The second issue is that our font fallback mechanism is not rendering text correctly in certain cases. (Overlapping ligatures.)

The third issue is that font fallback may be producing surprising results, such as incorrect font selection or major differences in document appearance when switching between different languages. This is an OS problem.

The fourth issue is an ER to automatically assign a font with language coverage on paste, instead of relying on fallback working correctly. We don't ship fonts for many of these languages, so we would need to somehow scan installed fonts and make a good choice. Seems tricky, but might be worth having on file.
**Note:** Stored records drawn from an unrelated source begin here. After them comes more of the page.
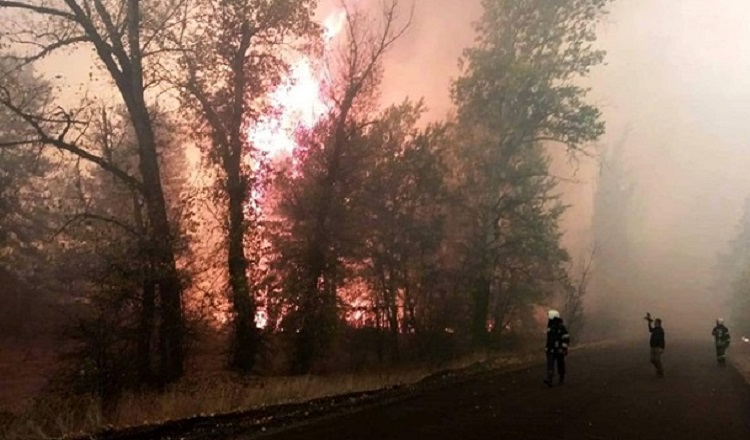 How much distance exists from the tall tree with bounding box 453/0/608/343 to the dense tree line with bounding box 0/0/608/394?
96 mm

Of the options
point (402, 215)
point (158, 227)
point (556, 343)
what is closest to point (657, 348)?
point (556, 343)

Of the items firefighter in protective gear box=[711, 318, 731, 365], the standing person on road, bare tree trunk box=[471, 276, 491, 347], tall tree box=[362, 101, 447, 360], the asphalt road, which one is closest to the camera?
the asphalt road

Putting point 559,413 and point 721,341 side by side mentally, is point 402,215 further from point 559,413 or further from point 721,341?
point 559,413

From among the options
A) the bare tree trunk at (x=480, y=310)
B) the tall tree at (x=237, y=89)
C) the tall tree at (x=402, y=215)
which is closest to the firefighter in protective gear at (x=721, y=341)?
the bare tree trunk at (x=480, y=310)

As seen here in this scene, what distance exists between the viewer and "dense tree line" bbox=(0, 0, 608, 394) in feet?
64.5

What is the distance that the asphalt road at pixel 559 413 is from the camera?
1074cm

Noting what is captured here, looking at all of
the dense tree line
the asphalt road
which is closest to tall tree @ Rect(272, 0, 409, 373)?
the dense tree line

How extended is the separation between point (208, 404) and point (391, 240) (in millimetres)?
16509

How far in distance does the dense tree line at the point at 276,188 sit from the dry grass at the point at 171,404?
5.30ft

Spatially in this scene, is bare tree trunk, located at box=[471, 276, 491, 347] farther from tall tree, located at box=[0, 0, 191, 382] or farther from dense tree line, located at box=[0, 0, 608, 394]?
tall tree, located at box=[0, 0, 191, 382]

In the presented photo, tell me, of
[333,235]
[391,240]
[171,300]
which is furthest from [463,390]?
[391,240]

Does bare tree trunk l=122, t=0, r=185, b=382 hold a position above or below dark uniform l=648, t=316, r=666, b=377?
above

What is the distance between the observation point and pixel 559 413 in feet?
43.1

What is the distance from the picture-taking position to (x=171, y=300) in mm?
19562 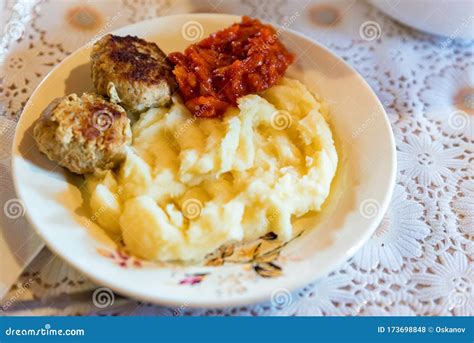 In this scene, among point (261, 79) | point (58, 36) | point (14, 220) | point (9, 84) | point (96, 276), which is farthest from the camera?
point (58, 36)

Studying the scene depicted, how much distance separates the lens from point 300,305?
2.77 metres

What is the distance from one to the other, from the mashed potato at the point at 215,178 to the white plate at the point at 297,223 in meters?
0.11

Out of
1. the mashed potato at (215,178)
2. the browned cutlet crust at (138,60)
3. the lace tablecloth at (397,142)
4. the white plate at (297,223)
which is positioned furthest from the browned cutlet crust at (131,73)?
the lace tablecloth at (397,142)

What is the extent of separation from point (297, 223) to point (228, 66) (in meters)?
1.08

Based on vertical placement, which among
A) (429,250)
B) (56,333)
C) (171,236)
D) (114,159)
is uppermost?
(114,159)

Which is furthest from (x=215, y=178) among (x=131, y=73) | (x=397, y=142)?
(x=397, y=142)

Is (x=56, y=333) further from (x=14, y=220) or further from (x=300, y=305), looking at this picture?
(x=300, y=305)

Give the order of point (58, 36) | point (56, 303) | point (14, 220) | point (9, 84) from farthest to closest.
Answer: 1. point (58, 36)
2. point (9, 84)
3. point (14, 220)
4. point (56, 303)

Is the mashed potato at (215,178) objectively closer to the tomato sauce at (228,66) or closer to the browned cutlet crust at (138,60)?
the tomato sauce at (228,66)

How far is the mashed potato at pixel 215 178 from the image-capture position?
2662 millimetres

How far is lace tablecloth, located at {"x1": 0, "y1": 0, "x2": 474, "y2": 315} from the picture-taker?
2785mm

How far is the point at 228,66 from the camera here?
10.9 ft

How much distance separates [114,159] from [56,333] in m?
0.93

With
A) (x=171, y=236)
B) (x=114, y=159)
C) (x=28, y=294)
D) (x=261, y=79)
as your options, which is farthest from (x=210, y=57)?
(x=28, y=294) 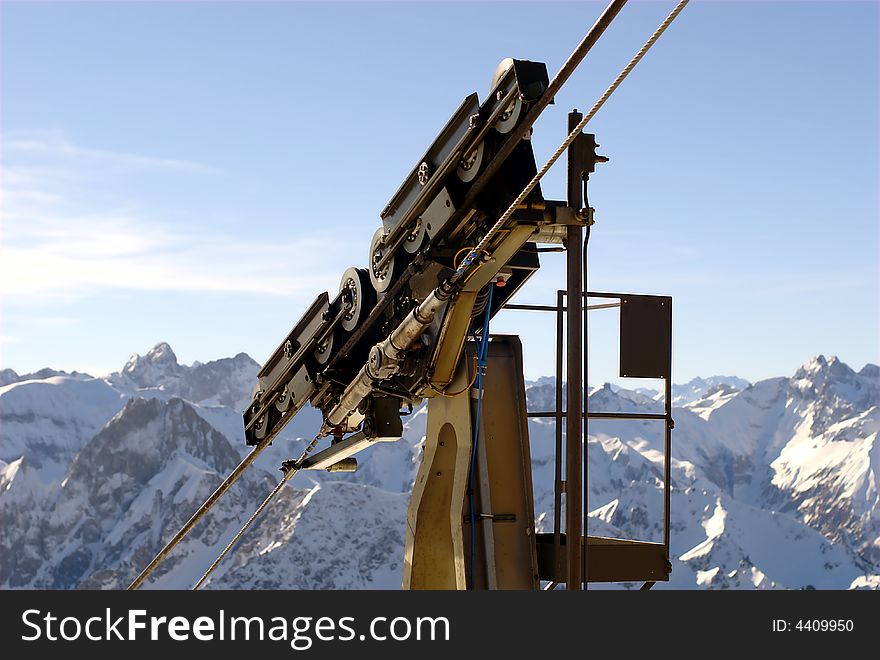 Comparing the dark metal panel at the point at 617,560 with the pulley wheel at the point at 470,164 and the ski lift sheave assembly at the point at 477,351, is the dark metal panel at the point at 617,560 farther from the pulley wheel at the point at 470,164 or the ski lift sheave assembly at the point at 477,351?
the pulley wheel at the point at 470,164

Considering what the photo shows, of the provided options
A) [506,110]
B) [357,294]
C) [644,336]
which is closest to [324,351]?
[357,294]

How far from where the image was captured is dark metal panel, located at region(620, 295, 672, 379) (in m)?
13.2

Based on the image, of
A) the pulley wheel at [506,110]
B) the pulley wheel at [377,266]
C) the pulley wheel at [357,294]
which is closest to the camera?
the pulley wheel at [506,110]

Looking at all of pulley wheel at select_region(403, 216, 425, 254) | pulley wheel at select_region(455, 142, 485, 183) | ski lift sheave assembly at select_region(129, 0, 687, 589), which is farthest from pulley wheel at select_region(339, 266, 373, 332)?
pulley wheel at select_region(455, 142, 485, 183)

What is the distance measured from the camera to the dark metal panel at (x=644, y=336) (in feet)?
43.5

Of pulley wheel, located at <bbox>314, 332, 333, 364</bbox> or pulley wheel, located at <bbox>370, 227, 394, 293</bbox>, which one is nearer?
pulley wheel, located at <bbox>370, 227, 394, 293</bbox>

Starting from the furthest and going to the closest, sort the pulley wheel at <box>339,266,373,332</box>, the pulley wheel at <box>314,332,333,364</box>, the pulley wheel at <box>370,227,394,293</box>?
1. the pulley wheel at <box>314,332,333,364</box>
2. the pulley wheel at <box>339,266,373,332</box>
3. the pulley wheel at <box>370,227,394,293</box>

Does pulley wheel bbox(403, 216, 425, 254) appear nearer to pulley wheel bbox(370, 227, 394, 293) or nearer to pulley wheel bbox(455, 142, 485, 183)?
pulley wheel bbox(370, 227, 394, 293)

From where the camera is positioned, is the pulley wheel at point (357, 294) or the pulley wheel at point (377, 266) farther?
the pulley wheel at point (357, 294)

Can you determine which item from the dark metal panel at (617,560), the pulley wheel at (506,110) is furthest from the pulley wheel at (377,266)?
the dark metal panel at (617,560)

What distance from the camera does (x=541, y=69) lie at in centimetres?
1067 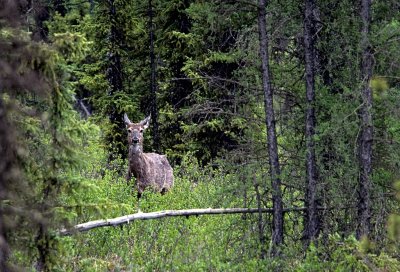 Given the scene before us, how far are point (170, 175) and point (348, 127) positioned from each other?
934 centimetres

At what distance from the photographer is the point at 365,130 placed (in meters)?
10.4

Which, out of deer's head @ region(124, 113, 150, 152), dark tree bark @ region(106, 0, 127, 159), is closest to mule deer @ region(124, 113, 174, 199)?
deer's head @ region(124, 113, 150, 152)

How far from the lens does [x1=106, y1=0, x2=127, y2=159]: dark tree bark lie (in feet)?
78.8

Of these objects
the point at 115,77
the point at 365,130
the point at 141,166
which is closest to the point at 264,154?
the point at 365,130

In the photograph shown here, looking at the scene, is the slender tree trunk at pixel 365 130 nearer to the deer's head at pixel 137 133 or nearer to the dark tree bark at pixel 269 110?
the dark tree bark at pixel 269 110

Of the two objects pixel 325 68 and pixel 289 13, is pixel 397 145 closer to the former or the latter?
pixel 325 68

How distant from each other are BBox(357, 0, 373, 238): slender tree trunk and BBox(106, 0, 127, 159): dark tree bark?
47.0 ft

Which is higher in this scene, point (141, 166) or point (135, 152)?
point (135, 152)

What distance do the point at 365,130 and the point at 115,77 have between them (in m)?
15.2

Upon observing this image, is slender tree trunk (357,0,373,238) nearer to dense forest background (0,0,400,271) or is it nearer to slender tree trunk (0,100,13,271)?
dense forest background (0,0,400,271)

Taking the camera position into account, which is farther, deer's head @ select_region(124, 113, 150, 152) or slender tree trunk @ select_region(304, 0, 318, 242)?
deer's head @ select_region(124, 113, 150, 152)

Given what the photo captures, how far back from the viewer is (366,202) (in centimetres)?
1064

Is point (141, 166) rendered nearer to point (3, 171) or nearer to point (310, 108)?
point (310, 108)

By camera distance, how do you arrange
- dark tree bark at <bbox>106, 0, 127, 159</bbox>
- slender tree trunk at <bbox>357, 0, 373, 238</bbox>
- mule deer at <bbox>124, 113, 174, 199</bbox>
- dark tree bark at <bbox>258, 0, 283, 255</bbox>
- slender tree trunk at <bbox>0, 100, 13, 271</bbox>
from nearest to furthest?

> While testing, I found that even setting the language to "None" instead of
> "Default" can fix the issue I see here. This means no spell checking will be
> used, but at least the text is displayed correctly. Also, with a wrong
> language detected, meaningful spell checking will not be doable anyway.

Setting language to "none" may also make the situation worse, for some users. I encourage you to play around with the fc-match command a bit, to see how sensitive this process is.

> In the end, I think if Gedit can display the plain text correctly,
> LibreOffice should be able to that on the same machine with the same
> configuration.

Gedit is likely doing the same thing we do with language "None", except without all of the same bugs we have. It's also probably not displaying all of the languages correctly on your machine. The codepoint 语 for instance is common in the endonyms of East Asian languages, but the appearance changes depending on whether it is written in Simplified Chinese, Traditional Chinese, or Japanese.
Comment 6 Jonathan Clark 2025-09-29 15:36:41 UTC
I have filed bug 168613 to track the fallback rendering issue. We should always render text correctly under fallback, even if the text language is set incorrectly.

This bug now tracks automatically detecting and setting the text language on paste.